Workers protest st Whipps Cross Hospital, east London, photo Isai Priya

Workers protest st Whipps Cross Hospital, east London, photo Isai Priya   (Click to enlarge: opens in new window)

Hospital worker

You couldn’t make it up. As workers in health, local government and education are balloting on insulting pay offers from the government, Johnson and the Tories announce yet another pay cut: a 1.25% increase in National Insurance contributions!

Are they so arrogant they can’t see they are pushing workers into a corner where we will have no choice but to vote to strike?

Already huge numbers of workers are struggling from one payday to the next. Low pay, chronic understaffing and overwork mean many thousands of NHS workers are thinking of leaving their jobs.

The 3% offered to NHS workers was already a pay cut. Inflation is due to reach 4% by the end of the year. Many of the lowest-paid are already facing a cut of £20 per week in their Universal Credit payments from the end of September. Tory minister Thérèse Coffey thinks claimants should simply work extra hours to fill the gap!

Union members up and down the country have a chance to vote to reject the pay offers, and to push for their unions to build for strike action, coordinated across the public sector.

The Tories may act like they can do whatever they like, but they are weak and divided. A strike of the public sector – some of the key workers who have kept the country going since the Covid pandemic hit – could force yet another humiliating government U-turn.

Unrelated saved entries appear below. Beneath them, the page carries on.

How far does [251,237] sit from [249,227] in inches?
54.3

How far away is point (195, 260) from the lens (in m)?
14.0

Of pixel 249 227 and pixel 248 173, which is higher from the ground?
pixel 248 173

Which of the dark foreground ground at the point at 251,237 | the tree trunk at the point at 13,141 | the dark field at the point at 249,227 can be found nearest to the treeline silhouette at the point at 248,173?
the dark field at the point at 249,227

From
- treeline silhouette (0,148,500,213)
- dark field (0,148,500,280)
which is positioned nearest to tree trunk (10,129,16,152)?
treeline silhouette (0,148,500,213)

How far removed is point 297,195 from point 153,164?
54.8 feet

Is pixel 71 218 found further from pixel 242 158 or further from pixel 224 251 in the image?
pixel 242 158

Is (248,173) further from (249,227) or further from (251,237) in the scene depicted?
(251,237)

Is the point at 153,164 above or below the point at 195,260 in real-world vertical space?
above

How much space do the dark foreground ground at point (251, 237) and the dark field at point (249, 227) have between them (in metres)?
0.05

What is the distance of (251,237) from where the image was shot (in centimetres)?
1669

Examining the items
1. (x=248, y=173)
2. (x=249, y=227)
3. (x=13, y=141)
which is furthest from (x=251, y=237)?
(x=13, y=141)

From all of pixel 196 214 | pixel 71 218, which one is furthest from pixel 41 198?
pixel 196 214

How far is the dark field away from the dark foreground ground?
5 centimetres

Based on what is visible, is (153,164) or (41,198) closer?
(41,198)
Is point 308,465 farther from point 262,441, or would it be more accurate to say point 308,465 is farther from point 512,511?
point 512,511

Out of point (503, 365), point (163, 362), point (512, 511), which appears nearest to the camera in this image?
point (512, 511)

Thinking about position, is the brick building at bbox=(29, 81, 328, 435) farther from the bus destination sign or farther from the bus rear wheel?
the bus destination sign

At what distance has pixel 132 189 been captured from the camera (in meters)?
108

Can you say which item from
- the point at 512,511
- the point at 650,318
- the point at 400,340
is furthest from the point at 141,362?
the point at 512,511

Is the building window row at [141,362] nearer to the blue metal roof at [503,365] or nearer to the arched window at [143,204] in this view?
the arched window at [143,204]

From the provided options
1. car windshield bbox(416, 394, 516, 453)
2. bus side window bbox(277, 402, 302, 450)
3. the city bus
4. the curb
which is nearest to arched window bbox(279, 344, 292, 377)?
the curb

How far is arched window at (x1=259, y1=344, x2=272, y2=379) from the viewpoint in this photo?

As well as taking industrial action, our unions need to nail the lie that the money isn’t there for wage rises or increasing spending to provide the public services that we so desperately need.

Instead of increasing National Insurance and hitting the lowest-paid hardest, the government should be using the enormous wealth salted away by big corporations and the super-rich for the benefit of society as a whole.

In May, the Sunday Times Rich List showed that in the first year of the pandemic the wealth of UK billionaires increased from £490.7 billion to £597.2 billion.

That extra £106.5 billion, and ongoing proper taxation of the super-rich, could pay for a fully funded NHS and social care system free at the point of use, with plenty left over to invest in council services, schools and public transport.

We need public services run for need, not for profit. That means bringing health, care and other services into public ownership to be run democratically by workers and service users, as part of a wider socialist planned economy.